» Material provided:
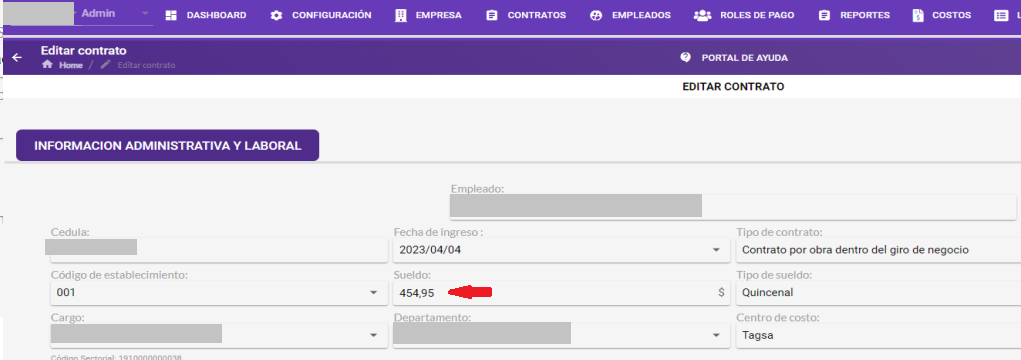 Pantalla de Contratos con la acción Editar disponible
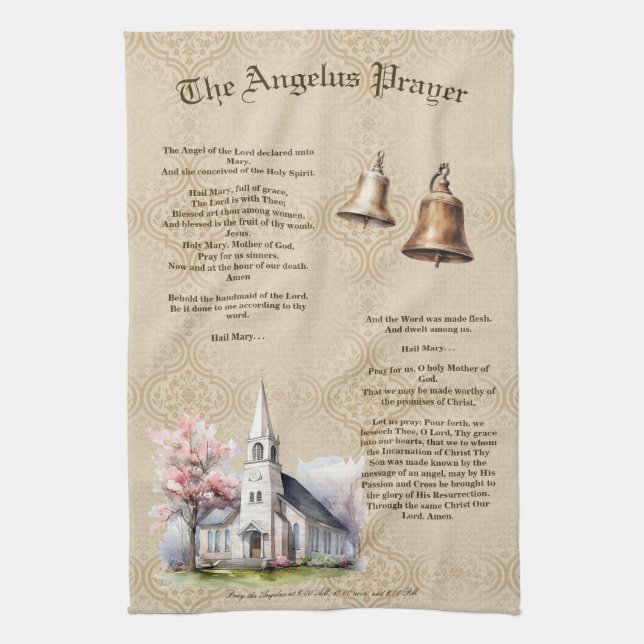 The Angelus Prayer Damask Kitchen Towel (Vertical)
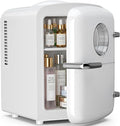 Antarctic Star Compact Mini Fridge, 4L Capacity/6 Cans Portable Cooler and Warmer Compact Refrigerator, for Bedroom,Car,Office and Dorm, Small Cooler and Warmer for Cosmetics, Beverage and Food, White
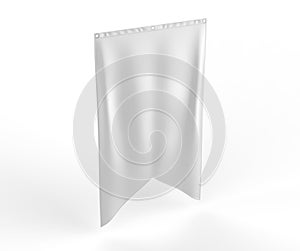 Gonfalon fishtail bottom flag banner for your logo design. Blank white 3d render illustration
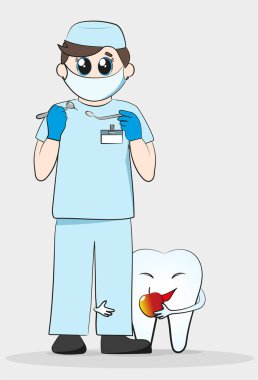 A cute cartoon dentist with big kind eyes stands with dental instruments in his hands, and next to him stands a joyful tooth, hugging his leg and holding a beautiful red apple in his hand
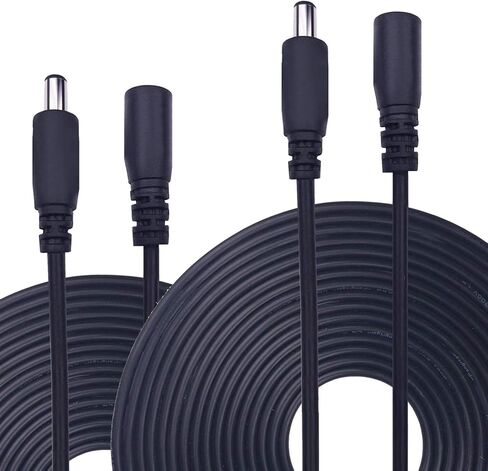 12V DC Extension Cord,LONNKY 5.5mm x 2.1mm Male to Female DC Power Extension Cable, Extension Cord for Security Camera, Length up to 33FT/10M,2-Pack,Black in Saudi Arabia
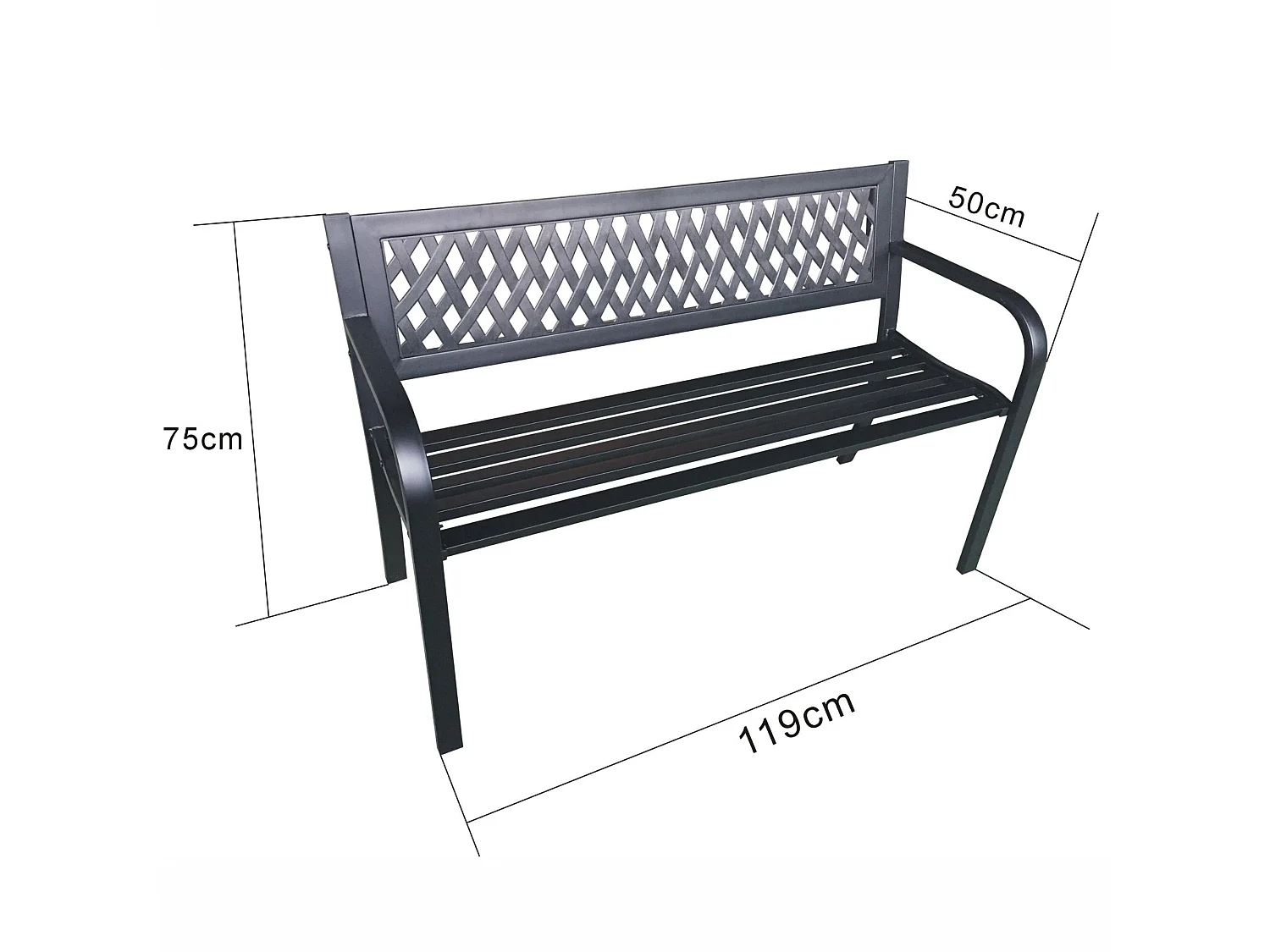 Panchina da giardino nera KALIA con gambe in acciaio larghezza 122 cm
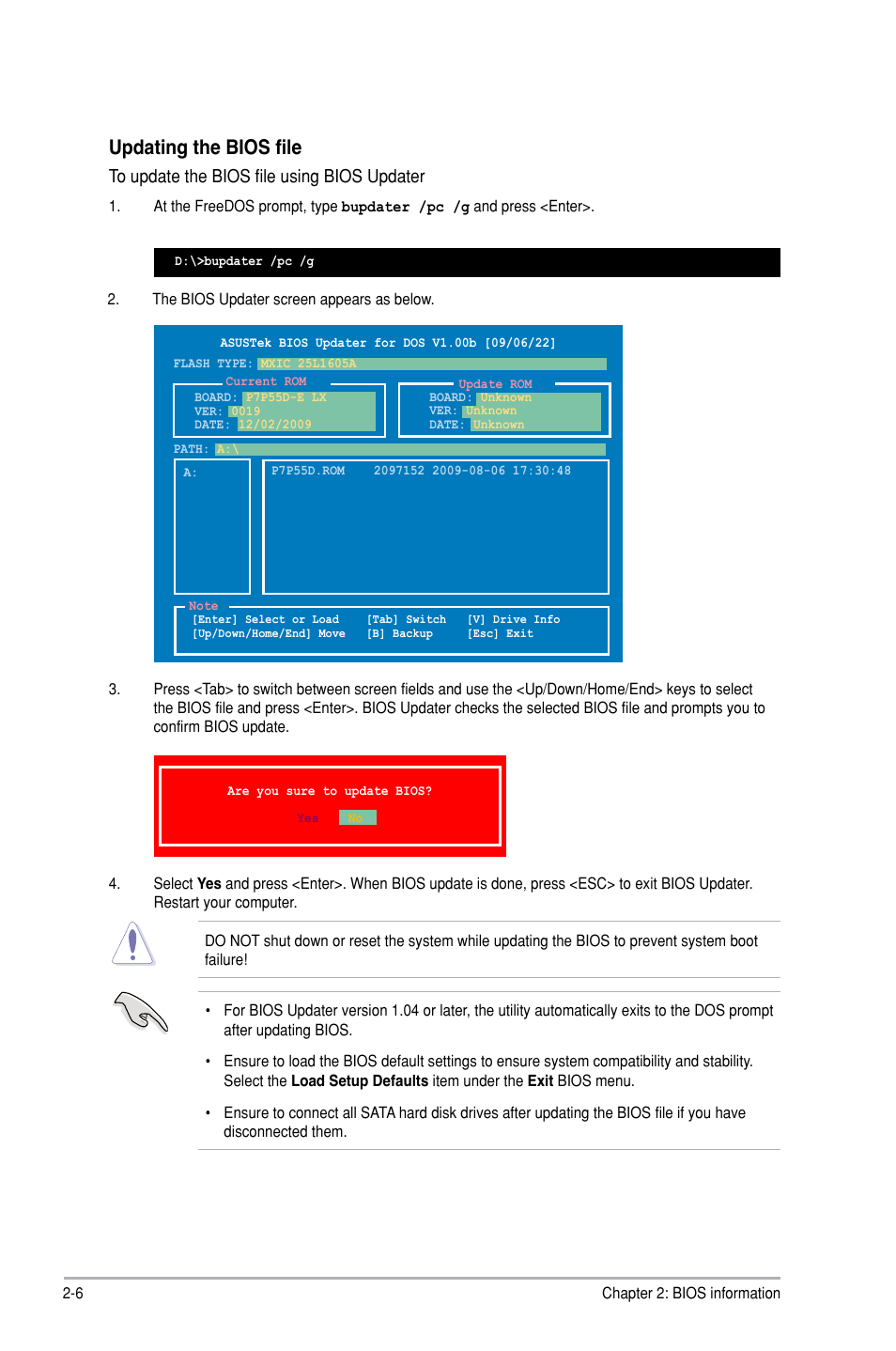 Updating the bios file | Asus P7P55D-E LX User Manual | Page 48 / 70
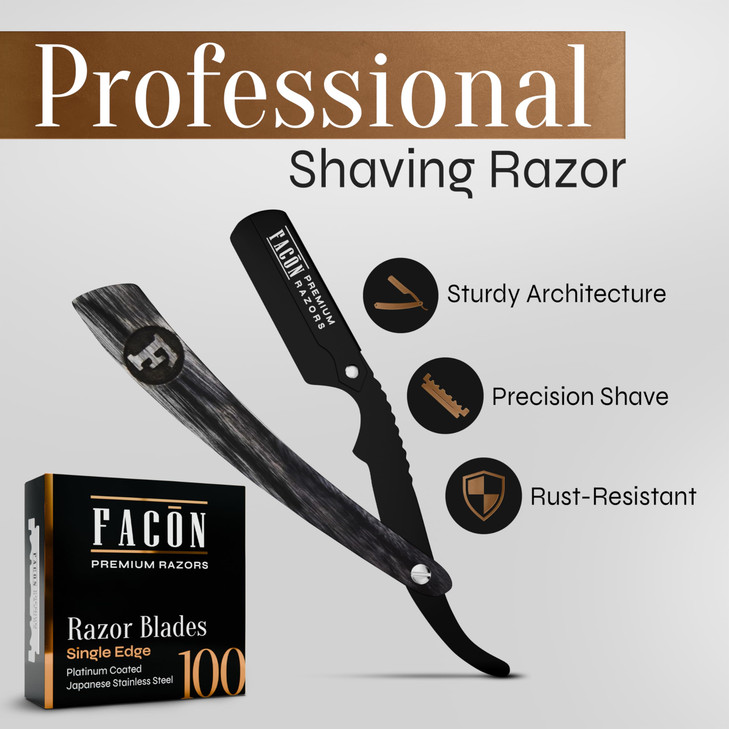Facón Straight Razors for Men - Professional Barber Straight Edge Razor Kit with 100 Blades, Wooden Stainless Steel Barbero Shaver for a Smooth & Pre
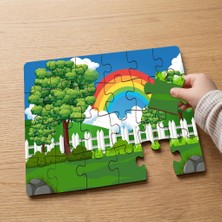 Punto Dizayn Renkli Gökkuşağı - Manzara Tasarımlı 24 Parça Ahşap Çocuk Puzzle MPK0318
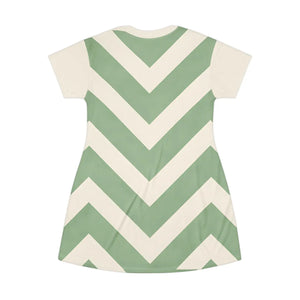 Stylish Chevron T-shirt Dress – Summer - Dipaliz - Dresses - Xs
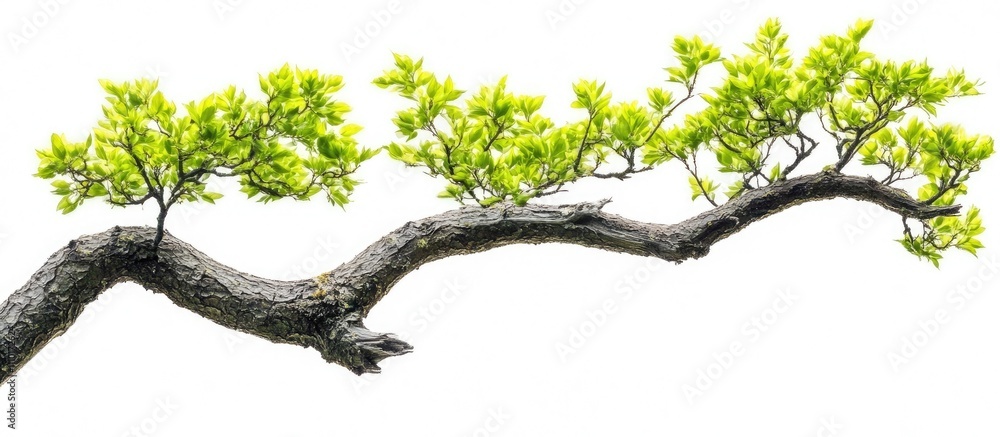 Poster stylized tree branch with fresh green leaves isolated on white background ideal for card design or n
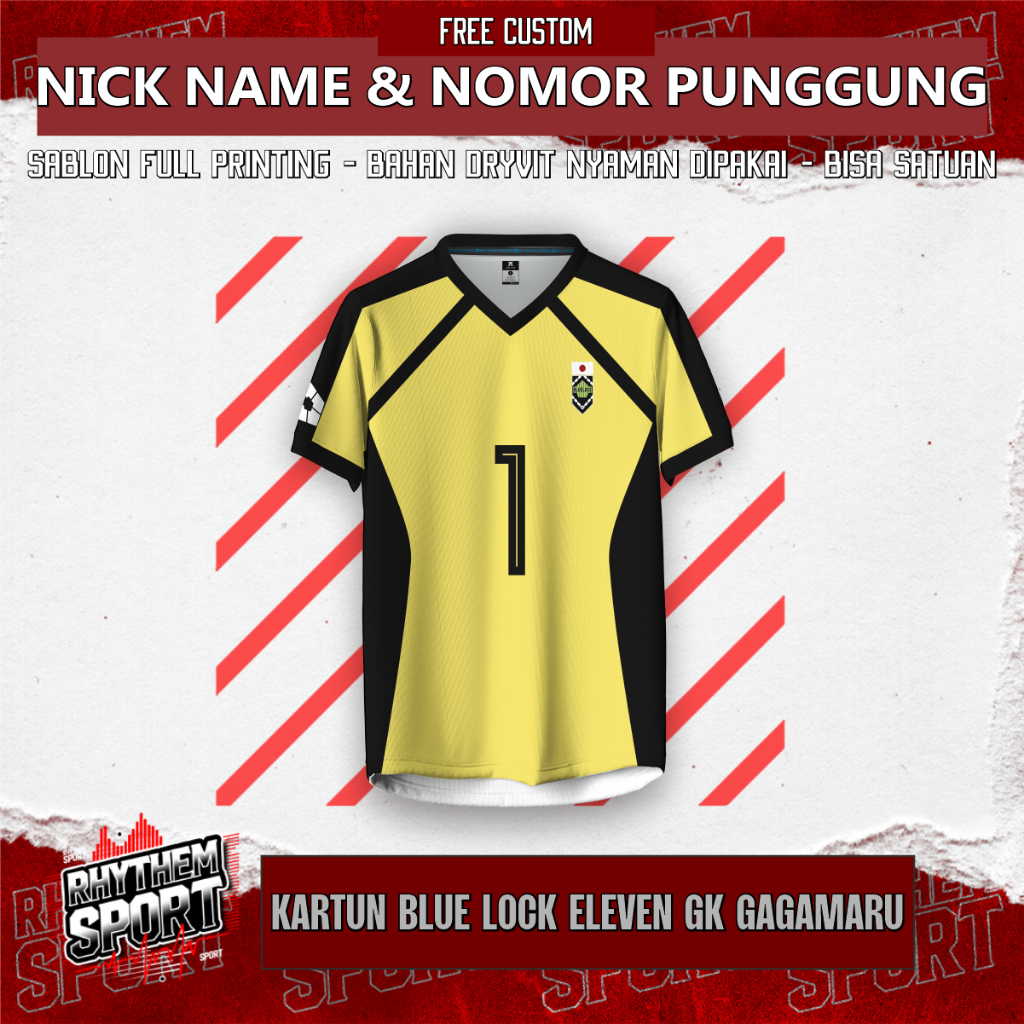Jersey Bola BLUE LOCK ELEVEN GK GAGAMARU PENDEK Free custom nama danki puunggung Full printing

» Work request:
From the line containing "Panchina da giardino" through the last line of the records, both included, output those lines exactly and nothing else; skip the pictures.

» Solution for this problem:
 Panchina da giardino nera KALIA con gambe in acciaio larghezza 122 cm
 Updating the bios file | Asus P7P55D-E LX User Manual | Page 48 / 70
Facón Straight Razors for Men - Professional Barber Straight Edge Razor Kit with 100 Blades, Wooden Stainless Steel Barbero Shaver for a Smooth & Pre
 Punto Dizayn Renkli Gökkuşağı - Manzara Tasarımlı 24 Parça Ahşap Çocuk Puzzle MPK0318
 Stylish Chevron T-shirt Dress – Summer - Dipaliz - Dresses - Xs
 Poster stylized tree branch with fresh green leaves isolated on white background ideal for card design or n
Jersey Bola BLUE LOCK ELEVEN GK GAGAMARU PENDEK Free custom nama danki puunggung Full printing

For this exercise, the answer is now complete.